E-Mobilität: Erstens kommt es schneller und zweitens als man denkt

Vor genau einem Jahr haben wir unsere Einschätzung und Prognose zu den Auswirkungen der Elektromobilität in der Schweiz auf lokale Verteilnetze dargelegt. Die Prognose hat sich als in vielen Punkten richtig bestätigt. Tendenziell dürfte die Entwicklung sogar schneller gestartet sein als erwartet.

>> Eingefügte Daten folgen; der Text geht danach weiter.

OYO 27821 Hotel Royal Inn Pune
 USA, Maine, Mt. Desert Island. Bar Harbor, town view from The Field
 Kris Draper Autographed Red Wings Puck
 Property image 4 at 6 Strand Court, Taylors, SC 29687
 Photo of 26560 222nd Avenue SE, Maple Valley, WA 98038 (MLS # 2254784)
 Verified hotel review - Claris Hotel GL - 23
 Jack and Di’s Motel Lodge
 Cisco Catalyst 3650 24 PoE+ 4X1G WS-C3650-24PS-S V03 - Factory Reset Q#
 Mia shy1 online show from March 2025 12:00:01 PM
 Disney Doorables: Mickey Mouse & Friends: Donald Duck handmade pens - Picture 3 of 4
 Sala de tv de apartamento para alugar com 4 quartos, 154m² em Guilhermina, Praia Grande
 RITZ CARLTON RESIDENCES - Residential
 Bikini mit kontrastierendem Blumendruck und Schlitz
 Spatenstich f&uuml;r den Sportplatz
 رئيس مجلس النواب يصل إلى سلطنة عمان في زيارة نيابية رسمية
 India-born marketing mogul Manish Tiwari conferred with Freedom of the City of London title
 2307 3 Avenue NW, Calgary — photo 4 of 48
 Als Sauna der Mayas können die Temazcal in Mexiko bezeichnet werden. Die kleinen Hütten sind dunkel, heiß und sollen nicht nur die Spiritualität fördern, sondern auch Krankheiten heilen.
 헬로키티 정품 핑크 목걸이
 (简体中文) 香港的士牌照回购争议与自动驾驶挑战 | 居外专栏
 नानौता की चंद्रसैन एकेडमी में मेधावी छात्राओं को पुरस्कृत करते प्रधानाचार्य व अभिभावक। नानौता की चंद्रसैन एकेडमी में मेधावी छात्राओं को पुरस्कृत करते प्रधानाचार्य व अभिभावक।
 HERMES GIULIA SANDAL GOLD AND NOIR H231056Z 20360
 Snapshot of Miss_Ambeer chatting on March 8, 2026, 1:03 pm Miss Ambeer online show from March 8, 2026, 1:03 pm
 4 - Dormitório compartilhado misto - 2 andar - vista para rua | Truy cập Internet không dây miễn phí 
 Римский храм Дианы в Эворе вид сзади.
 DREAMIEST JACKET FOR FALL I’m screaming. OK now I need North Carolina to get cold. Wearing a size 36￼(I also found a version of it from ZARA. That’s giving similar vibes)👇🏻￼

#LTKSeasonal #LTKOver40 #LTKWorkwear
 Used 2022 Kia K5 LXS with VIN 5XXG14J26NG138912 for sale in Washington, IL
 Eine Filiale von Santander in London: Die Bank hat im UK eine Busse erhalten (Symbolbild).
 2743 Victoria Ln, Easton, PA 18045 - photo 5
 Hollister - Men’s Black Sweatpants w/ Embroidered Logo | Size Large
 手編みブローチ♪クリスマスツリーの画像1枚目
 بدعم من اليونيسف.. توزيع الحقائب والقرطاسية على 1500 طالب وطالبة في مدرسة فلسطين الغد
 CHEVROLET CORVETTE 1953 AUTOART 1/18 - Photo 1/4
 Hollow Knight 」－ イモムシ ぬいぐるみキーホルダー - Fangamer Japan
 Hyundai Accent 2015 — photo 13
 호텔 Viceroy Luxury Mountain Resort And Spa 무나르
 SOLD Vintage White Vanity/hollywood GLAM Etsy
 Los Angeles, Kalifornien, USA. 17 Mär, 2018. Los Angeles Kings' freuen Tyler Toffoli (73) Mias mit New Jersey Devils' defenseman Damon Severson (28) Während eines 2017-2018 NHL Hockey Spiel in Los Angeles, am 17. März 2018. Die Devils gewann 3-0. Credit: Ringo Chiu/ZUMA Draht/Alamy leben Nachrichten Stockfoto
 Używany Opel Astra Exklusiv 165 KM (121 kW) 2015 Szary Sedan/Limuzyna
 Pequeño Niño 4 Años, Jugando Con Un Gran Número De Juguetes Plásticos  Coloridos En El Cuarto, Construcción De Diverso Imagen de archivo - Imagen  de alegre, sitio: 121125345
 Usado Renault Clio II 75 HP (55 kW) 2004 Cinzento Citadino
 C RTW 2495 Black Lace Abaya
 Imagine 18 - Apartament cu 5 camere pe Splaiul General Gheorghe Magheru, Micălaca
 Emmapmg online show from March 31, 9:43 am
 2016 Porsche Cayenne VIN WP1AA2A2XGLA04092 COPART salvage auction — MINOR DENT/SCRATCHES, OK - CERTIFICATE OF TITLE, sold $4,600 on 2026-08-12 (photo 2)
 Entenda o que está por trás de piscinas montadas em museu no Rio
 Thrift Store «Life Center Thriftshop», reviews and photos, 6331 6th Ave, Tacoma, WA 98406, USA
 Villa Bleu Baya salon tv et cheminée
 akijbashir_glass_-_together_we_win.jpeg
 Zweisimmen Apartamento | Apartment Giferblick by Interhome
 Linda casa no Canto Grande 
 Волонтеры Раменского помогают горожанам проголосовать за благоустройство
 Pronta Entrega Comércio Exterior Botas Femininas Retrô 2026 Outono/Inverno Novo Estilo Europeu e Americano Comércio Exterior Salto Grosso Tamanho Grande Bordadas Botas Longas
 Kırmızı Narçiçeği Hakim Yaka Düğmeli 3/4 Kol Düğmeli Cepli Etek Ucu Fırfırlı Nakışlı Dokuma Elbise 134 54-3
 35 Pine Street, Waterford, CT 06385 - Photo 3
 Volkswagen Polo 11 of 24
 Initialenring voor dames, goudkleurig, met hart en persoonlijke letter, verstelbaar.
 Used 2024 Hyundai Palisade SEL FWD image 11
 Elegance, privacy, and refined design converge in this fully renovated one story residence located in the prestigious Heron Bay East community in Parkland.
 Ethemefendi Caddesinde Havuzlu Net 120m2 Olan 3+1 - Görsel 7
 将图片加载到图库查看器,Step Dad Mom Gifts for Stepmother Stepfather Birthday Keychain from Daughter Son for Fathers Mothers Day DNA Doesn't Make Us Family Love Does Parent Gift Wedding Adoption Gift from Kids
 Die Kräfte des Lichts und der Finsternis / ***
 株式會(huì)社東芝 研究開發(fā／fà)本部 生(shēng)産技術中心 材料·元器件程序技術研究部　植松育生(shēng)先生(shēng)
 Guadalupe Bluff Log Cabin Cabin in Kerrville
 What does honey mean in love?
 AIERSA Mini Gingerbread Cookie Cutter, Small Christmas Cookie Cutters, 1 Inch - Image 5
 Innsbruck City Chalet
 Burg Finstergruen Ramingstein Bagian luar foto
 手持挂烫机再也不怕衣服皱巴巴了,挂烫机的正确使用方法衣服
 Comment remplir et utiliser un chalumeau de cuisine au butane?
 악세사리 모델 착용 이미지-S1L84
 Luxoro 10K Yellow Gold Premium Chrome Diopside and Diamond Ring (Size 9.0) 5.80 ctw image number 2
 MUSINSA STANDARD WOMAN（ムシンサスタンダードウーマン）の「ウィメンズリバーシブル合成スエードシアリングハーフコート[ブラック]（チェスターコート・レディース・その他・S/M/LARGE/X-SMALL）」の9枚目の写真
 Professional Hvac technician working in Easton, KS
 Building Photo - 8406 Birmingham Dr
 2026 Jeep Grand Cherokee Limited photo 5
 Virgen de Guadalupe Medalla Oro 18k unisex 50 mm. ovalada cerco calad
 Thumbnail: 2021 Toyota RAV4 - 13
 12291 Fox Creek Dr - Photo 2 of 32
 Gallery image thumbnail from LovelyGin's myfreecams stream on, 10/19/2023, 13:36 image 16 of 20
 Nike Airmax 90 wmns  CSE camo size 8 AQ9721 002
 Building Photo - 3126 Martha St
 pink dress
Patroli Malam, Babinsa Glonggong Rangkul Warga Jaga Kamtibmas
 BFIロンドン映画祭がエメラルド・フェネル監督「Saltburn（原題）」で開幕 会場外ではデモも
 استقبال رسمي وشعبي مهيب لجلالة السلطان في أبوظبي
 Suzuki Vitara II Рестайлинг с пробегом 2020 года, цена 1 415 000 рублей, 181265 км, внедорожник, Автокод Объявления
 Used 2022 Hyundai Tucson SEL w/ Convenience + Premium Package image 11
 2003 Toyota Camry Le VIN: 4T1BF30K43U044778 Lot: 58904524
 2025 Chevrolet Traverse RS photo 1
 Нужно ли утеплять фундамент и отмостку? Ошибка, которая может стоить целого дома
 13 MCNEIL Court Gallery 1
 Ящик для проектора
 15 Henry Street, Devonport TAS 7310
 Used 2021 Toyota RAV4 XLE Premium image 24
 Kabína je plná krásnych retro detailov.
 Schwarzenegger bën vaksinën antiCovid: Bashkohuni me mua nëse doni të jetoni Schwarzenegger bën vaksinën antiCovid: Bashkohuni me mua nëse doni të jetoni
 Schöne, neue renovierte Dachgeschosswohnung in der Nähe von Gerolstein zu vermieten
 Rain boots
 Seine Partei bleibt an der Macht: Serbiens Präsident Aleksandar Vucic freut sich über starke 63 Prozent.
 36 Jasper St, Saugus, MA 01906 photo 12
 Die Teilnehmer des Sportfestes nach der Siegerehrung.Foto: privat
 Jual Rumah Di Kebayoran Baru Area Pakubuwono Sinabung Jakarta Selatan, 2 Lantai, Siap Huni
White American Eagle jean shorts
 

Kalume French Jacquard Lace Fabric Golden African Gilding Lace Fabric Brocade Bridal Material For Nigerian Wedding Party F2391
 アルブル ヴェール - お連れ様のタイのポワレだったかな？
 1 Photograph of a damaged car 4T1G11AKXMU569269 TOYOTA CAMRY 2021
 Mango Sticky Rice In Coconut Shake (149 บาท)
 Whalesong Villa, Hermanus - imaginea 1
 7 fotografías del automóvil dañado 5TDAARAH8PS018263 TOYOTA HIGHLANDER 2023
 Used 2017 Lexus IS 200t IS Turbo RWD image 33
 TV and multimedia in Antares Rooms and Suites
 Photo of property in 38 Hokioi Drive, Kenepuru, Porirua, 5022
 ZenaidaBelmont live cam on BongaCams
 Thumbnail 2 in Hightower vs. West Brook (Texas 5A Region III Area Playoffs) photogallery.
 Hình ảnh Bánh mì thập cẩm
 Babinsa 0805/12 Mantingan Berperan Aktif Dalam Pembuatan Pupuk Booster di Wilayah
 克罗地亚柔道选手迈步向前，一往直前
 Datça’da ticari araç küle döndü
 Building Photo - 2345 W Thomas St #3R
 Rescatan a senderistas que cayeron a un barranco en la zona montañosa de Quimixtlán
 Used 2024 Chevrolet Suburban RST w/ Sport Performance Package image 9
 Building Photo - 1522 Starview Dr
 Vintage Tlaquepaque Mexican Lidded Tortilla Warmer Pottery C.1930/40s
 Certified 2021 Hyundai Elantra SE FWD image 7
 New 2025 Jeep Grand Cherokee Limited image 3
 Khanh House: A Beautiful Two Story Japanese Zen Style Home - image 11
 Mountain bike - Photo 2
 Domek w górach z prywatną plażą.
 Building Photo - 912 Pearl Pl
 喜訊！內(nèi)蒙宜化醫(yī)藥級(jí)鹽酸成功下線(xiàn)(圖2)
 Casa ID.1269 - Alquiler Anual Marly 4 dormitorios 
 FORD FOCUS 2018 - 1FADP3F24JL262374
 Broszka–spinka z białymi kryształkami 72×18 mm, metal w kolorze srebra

Die riesigen Summen, welche die Automobilindustrie in den vergangenen Jahren in Elektromobilität investiert hat, zeigen nun Ergebnisse. Bereits 2021 und besonders im laufenden 2022 kommt ein grosse Anzahl neuer Elektromobile auf den Markt und diese sprechen eine immer breitere Menge an Kunden an. Das Angebot an elektrisch betriebenen Autos entwickelt sich rasant: Dank der gigantischen Investitionen der Autohersteller werden sowohl funktional wie auch preislich attraktivere Modelle lanciert, und zahlreiche Automobilkäufer und -käuferinnen werden künftig zu einem E-Auto greifen.

In der Schweiz wurden in den letzten Jahren jährlich gut 300’000 Personenfahrzeuge neu in Verkehr gesetzt. Pandemiebedingt waren 2020 und auch 2021 mit je rund 240’000 Ausnahmen. Der Anteil reiner Elektro- und auch der Plug-In-Hybrid-PKW steigt dabei laufend an. 2021 haben die reinen Elektromobile immerhin einen Anteil von 13.2% an den neu in Betrieb genommenen Fahrzeugen erreicht. Rechnet man die hybriden E-Fahrzeuge dazu, so weist das BFS einen Anteil von bereits 44.7% aus. 2022 dürften diese Werte massiv übertroffen werden.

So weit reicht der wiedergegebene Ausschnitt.